(Items listed in a dataset)
Content starts
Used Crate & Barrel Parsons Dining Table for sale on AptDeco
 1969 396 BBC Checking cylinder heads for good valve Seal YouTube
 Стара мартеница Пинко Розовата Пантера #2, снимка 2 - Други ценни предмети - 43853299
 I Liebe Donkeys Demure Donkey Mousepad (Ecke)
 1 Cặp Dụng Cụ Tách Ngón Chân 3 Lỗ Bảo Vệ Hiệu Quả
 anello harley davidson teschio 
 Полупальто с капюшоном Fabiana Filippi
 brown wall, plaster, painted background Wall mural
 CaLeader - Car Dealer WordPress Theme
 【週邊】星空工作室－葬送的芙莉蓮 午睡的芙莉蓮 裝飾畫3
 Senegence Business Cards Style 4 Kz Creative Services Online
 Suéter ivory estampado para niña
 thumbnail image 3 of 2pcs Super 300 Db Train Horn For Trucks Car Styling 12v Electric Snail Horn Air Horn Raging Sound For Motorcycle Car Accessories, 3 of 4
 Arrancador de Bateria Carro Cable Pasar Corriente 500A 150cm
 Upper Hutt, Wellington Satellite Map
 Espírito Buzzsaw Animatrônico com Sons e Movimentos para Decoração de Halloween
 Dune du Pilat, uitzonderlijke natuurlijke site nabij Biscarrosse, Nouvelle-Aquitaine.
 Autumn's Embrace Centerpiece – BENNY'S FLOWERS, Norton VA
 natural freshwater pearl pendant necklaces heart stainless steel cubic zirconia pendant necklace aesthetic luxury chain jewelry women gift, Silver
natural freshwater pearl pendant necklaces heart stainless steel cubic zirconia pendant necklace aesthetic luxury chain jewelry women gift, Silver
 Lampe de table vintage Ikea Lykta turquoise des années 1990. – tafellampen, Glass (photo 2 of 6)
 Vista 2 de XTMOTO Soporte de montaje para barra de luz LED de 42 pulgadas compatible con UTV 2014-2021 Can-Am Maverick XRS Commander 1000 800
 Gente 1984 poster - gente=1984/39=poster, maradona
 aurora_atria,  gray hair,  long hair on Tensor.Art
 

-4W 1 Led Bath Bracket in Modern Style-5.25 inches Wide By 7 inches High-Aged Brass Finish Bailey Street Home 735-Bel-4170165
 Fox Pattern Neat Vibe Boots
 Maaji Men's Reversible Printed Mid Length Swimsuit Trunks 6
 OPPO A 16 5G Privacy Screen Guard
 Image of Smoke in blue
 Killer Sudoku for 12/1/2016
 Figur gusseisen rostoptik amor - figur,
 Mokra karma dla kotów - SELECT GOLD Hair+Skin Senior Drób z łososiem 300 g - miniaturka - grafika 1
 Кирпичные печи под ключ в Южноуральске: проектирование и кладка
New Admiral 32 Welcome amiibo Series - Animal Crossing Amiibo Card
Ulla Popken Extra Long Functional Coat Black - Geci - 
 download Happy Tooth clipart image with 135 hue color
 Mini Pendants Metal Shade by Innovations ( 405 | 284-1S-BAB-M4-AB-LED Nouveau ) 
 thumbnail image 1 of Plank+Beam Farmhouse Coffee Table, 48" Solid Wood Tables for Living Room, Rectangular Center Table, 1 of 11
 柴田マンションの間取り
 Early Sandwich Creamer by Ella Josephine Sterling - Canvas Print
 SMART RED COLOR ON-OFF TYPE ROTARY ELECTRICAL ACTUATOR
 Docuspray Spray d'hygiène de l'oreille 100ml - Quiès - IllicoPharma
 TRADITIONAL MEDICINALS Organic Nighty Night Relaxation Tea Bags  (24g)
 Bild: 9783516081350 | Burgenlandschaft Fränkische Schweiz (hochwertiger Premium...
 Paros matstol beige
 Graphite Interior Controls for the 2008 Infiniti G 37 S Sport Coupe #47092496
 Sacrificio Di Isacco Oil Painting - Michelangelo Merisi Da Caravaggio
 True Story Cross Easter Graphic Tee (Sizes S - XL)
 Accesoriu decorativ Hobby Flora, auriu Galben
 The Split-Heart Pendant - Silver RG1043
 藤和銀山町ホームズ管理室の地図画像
Content ends
◆ Problem details
Among these entries, how many lines include the string "zirconia"? Reply with the number by itself.

◆ Written answer
2